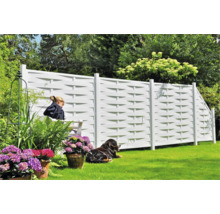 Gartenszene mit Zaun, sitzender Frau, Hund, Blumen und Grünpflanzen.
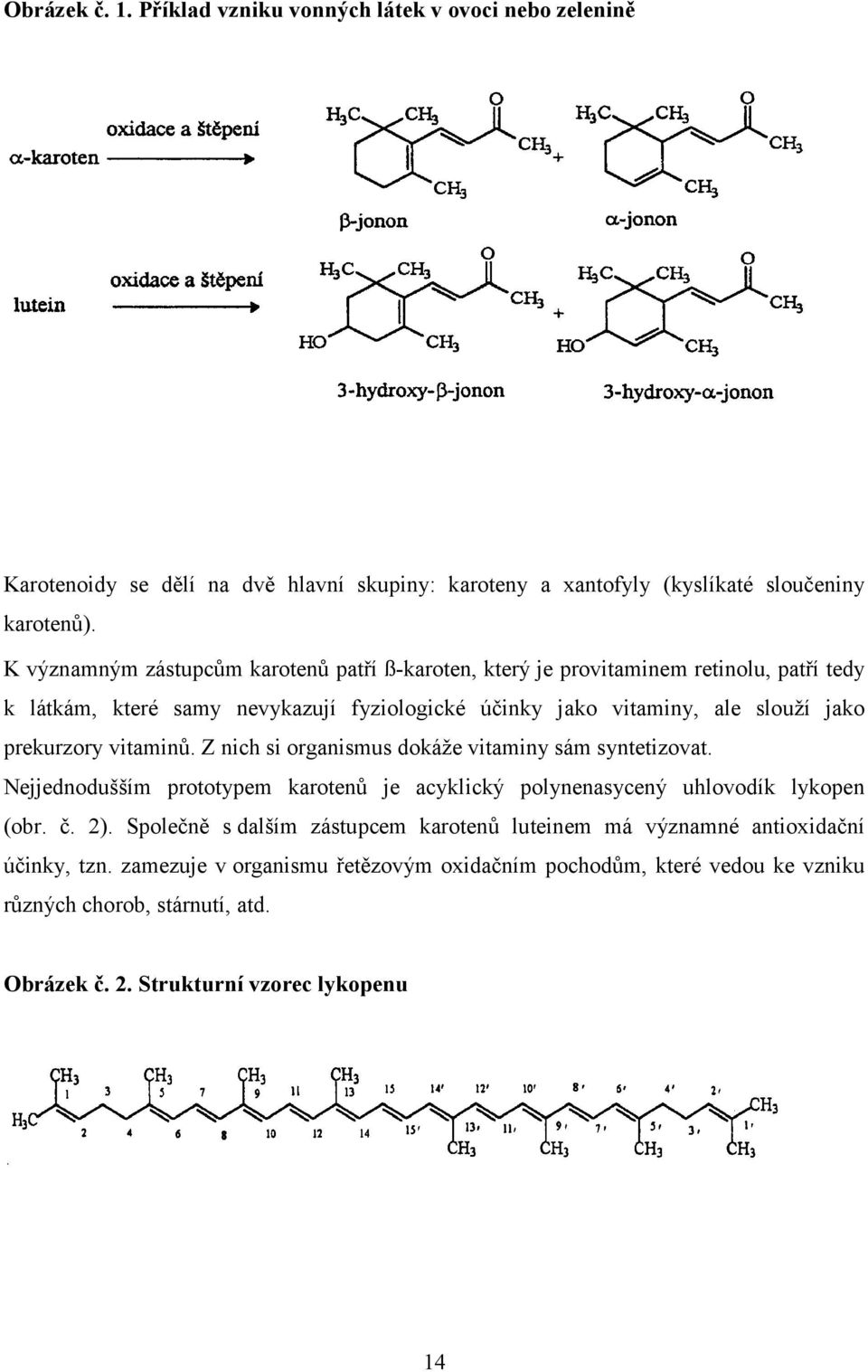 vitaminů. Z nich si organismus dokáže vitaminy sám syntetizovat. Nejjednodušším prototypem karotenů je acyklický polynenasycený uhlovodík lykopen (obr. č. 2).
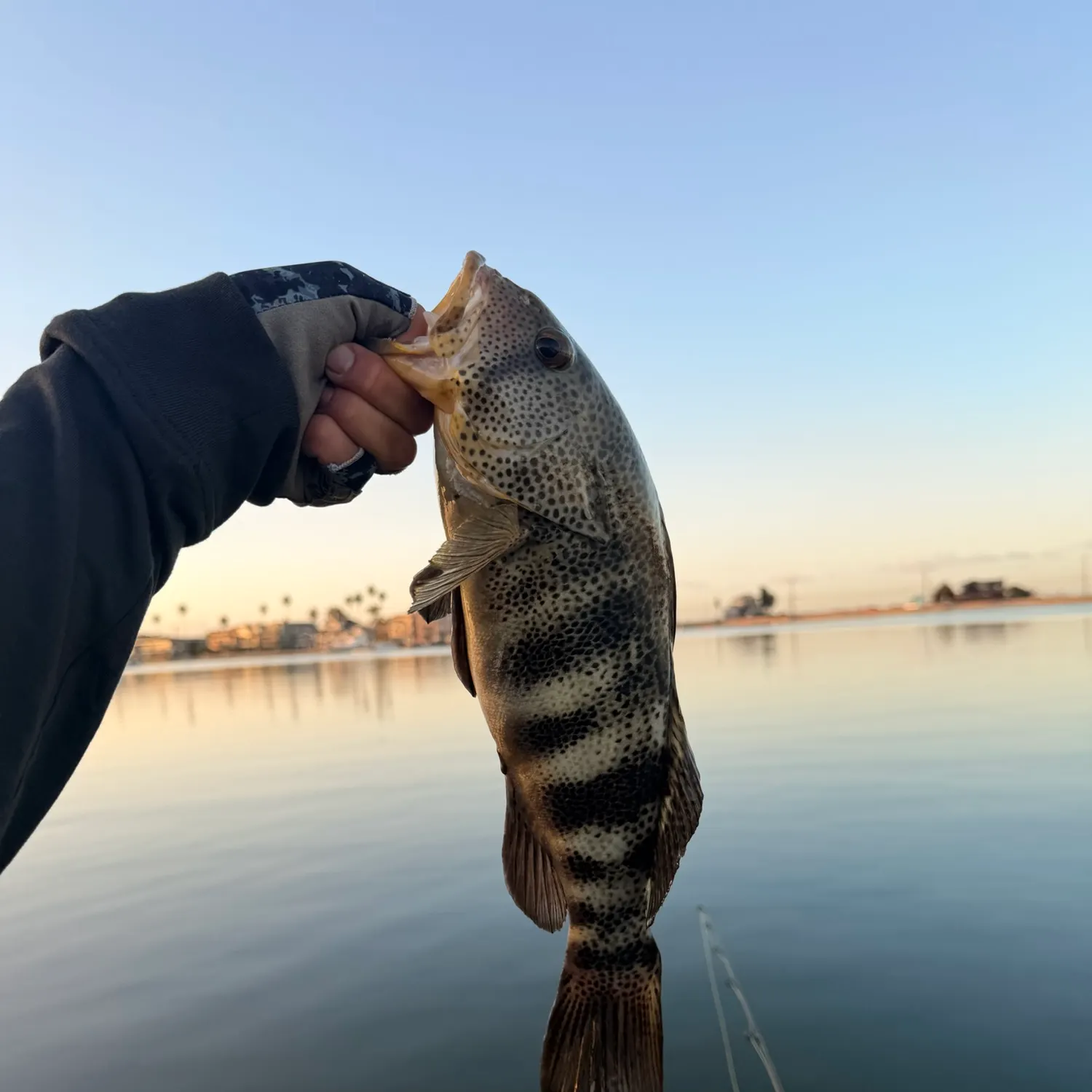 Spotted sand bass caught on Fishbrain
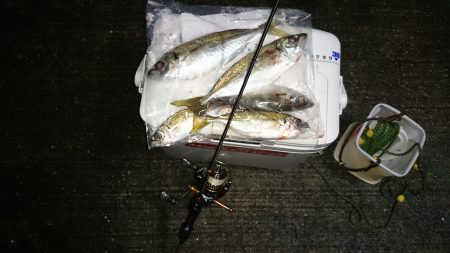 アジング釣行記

━━━━━━━━━━

▶ [Your goal] Write out the material above without changing a word, and skip any picture.

▶ [Solution for this exercise]
 Gartenszene mit Zaun, sitzender Frau, Hund, Blumen und Grünpflanzen.
 vitaminů. Z nich si organismus dokáže vitaminy sám syntetizovat. Nejjednodušším prototypem karotenů je acyklický polynenasycený uhlovodík lykopen (obr. č. 2).
 Spotted sand bass caught on Fishbrain
 アジング釣行記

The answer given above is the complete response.